#FERRY DEPARTS FOR INDONESIA – An end of an era was marked this afternoon with the departure of the last passenger ship (including 'Sealink' car-ferry) built by Harland & Wolff, when Portlink, slipped down Belfast Lough, for the last time, for new owners in South East Asia, writes Jehan Ashmore.
Since November the ferry then named Stena Caledonia was withdrwan from Stena Line's Belfast-Stranraer route following the opening of a new €80m ferry terminal at Loch Ryan Port close to Cairnryan. The new route is also operated by a pair of larger, newer 'Superfast' sisterships built in 2001, while the older ferry embarks on a career with PT ASDP Indonesia Ferry (Persero).
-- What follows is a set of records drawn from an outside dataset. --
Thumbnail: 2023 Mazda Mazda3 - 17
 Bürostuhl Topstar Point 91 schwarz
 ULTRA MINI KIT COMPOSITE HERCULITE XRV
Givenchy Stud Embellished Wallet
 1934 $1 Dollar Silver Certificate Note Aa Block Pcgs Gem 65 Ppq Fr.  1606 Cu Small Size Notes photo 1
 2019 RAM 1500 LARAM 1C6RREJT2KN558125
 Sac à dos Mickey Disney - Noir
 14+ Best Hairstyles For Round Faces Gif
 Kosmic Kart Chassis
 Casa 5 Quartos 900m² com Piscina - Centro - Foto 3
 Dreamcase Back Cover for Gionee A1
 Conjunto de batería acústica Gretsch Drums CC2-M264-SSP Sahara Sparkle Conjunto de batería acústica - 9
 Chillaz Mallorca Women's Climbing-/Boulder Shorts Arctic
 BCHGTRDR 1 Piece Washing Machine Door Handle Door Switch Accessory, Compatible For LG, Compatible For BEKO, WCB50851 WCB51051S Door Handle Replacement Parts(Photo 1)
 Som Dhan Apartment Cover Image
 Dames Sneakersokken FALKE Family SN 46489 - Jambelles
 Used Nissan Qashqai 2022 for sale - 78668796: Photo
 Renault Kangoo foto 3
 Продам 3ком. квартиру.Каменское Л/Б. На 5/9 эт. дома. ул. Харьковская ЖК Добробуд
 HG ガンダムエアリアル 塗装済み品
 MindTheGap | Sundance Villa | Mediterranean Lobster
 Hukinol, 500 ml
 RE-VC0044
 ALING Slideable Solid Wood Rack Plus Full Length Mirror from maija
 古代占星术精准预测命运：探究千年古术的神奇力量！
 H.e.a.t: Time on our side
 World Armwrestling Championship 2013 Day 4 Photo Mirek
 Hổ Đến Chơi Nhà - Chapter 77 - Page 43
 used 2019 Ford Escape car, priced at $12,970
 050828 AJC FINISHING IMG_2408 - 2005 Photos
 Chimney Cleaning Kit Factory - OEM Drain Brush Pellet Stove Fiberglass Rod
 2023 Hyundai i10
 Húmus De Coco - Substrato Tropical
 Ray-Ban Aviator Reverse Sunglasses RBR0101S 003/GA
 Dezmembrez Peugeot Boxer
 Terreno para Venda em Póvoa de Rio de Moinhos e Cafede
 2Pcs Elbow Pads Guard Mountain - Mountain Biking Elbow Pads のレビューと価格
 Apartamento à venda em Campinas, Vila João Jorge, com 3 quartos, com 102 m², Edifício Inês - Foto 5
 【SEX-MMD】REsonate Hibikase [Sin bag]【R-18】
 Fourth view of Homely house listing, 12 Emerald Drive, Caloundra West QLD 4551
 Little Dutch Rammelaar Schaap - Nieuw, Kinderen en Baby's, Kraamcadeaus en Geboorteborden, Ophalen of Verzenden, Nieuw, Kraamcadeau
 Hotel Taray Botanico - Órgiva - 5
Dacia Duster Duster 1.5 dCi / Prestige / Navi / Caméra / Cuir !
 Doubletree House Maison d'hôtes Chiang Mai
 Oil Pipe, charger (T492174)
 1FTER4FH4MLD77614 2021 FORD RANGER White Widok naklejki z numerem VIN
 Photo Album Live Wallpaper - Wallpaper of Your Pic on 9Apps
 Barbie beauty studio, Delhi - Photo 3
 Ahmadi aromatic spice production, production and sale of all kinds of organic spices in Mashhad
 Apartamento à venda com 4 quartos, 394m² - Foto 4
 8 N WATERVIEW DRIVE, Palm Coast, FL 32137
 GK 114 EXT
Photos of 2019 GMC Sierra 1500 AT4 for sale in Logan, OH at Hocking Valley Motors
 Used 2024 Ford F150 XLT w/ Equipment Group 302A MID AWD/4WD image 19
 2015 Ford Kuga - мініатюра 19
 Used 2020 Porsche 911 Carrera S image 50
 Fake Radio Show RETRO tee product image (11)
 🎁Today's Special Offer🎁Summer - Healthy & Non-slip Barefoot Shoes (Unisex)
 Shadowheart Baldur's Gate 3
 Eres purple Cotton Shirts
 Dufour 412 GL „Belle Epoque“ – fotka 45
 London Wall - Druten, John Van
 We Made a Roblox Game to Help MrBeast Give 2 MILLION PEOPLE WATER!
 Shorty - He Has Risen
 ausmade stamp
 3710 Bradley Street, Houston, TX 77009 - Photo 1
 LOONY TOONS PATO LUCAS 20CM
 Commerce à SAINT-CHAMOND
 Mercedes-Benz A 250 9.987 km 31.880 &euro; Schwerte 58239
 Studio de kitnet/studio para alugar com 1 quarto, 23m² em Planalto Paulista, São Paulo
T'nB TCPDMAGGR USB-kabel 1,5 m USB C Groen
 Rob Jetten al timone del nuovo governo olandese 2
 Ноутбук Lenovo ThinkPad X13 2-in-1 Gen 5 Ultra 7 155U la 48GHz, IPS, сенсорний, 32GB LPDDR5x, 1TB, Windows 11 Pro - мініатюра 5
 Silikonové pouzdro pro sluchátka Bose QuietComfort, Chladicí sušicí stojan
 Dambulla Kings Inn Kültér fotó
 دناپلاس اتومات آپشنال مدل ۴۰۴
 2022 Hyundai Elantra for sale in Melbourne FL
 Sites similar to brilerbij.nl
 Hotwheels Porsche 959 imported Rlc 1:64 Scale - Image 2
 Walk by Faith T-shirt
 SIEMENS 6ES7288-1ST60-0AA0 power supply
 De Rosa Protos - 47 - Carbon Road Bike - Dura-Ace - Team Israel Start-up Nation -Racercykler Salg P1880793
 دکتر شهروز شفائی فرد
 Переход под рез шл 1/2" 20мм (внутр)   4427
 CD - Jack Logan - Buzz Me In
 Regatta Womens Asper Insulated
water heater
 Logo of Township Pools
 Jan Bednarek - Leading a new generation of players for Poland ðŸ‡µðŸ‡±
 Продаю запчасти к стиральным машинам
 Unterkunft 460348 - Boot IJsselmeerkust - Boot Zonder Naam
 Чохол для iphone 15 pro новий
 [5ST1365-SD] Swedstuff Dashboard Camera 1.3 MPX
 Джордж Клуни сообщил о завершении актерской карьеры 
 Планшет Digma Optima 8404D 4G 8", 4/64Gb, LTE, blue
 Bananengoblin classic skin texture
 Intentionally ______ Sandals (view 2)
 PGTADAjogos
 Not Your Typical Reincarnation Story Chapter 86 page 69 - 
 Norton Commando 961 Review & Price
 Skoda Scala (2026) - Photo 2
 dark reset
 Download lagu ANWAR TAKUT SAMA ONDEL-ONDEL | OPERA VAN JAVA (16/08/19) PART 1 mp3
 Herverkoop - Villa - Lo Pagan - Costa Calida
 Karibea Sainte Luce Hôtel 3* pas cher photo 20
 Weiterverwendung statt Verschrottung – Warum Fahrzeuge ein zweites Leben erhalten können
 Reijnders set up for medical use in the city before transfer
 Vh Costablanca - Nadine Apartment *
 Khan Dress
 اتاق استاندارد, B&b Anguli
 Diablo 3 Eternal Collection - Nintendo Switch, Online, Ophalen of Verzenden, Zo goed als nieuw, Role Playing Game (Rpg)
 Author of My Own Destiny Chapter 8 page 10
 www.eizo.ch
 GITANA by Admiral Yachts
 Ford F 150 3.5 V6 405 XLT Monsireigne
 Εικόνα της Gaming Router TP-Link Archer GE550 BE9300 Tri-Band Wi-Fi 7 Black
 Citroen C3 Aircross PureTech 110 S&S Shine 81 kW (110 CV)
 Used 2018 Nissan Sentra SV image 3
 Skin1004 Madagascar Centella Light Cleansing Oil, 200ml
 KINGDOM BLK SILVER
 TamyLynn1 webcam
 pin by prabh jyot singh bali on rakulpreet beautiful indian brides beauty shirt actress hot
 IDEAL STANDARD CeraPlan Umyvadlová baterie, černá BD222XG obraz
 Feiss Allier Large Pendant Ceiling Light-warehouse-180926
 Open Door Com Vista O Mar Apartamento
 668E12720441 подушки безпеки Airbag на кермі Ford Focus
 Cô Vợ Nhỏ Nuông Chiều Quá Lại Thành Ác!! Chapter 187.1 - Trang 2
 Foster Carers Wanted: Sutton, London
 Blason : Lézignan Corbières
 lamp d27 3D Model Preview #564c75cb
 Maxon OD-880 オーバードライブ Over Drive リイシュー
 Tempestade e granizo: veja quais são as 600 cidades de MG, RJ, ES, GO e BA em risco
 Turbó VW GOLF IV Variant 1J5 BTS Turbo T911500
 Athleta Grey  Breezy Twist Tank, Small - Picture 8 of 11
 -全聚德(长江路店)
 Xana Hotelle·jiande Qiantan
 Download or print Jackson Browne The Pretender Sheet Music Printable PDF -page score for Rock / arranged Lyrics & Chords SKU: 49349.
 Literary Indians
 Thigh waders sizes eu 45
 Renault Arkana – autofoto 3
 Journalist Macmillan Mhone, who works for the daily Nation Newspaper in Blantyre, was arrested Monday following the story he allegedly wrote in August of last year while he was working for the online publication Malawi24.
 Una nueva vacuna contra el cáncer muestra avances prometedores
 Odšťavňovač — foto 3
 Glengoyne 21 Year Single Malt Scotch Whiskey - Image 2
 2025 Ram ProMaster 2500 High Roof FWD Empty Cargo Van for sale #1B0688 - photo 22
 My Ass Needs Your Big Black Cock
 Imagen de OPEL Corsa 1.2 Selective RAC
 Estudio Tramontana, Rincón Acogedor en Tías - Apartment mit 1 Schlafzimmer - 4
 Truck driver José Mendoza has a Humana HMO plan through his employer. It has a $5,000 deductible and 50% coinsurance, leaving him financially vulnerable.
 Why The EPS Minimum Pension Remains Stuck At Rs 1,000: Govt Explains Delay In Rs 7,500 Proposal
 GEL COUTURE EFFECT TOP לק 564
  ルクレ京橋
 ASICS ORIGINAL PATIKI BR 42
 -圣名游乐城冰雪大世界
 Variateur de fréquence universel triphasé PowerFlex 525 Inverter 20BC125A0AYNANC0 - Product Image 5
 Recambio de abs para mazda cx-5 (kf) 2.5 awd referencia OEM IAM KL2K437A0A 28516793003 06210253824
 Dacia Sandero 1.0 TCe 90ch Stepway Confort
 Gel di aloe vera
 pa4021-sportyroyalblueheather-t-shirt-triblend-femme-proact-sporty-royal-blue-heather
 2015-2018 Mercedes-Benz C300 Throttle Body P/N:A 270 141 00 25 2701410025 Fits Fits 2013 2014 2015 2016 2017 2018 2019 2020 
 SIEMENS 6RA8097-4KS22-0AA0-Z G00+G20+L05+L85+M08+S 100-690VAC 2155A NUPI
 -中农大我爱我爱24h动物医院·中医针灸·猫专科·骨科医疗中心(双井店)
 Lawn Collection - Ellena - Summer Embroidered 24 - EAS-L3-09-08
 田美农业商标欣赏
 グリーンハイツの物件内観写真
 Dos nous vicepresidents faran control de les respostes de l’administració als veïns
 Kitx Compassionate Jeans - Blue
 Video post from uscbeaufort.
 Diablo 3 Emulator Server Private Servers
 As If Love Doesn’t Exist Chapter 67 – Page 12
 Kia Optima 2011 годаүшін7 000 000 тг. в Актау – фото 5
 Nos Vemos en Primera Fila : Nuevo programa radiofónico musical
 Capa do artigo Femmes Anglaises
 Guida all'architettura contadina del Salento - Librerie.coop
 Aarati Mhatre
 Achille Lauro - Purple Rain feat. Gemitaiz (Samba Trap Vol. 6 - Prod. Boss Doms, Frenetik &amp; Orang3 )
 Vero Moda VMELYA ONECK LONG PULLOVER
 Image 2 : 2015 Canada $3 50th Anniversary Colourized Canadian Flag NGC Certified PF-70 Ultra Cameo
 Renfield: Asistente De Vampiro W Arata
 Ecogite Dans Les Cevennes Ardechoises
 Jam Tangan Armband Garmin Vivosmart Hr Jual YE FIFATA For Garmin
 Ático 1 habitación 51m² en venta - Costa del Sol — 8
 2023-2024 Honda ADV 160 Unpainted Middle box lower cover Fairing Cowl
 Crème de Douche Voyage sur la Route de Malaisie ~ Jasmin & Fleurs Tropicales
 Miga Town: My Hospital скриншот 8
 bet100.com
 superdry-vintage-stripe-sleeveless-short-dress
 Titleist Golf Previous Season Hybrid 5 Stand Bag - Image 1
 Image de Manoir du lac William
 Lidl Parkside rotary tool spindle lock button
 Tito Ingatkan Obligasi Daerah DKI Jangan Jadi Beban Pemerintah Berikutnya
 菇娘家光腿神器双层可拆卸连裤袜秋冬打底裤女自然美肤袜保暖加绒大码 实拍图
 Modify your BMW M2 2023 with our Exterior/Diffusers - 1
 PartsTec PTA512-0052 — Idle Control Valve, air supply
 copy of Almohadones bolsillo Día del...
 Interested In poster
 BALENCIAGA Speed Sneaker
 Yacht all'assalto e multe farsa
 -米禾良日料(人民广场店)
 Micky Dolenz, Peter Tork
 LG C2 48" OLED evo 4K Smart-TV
Originally Stena Caledonia started her career as the St. David, which was launched in 1981 as the final member of a quartet of 'Saint' class near sisterships for Sealink/ British Rail. With her sale to overseas owners, she was the last of the Saint class still operating in UK waters.
Before today's start of the delivery voyage which includes a port of call to Gibraltar, invariably to call for bunkers, the 31 year-old veteran vessel, had been berthed close to the H&W's Musgrave yard. The St. David became the last vessel launched from that particular yard at the Queens Island complex. Incidentally she would also become the last ever passenger ship built at H&W.
For over the last two decades Stena Caledonia has provided a sterling service operating on the North Channel, firstly from Larne-Stranraer when Sealink was taken over by Stena Line in 1990 and then the route switched several years later to the Belfast-Stranraer route.
While in her earlier career as St. David she operated on two routes she was purpose built for between Dun Laoghaire-Holyhead and Rosslare-Fishguard, though she rarely served on the St. Georges service.
Instead she was deployed mostly on the Dun Laoghaire-Holyhead route alongside St. Columba, where these vessels featured a stern-bridge. The stern-bridge in itself also reflected an end of an era in ferry design, this was to facilitate easier and safer access while navigating the tighter confines of the inner harbour of the Welsh port located on Holy Island.
In between her early and final years on the Irish Sea, St. David also ran on routes from Dover where Sealink /British Rail operated their 'Blue' Ribbon service to Calais maintained by two of her three sisters.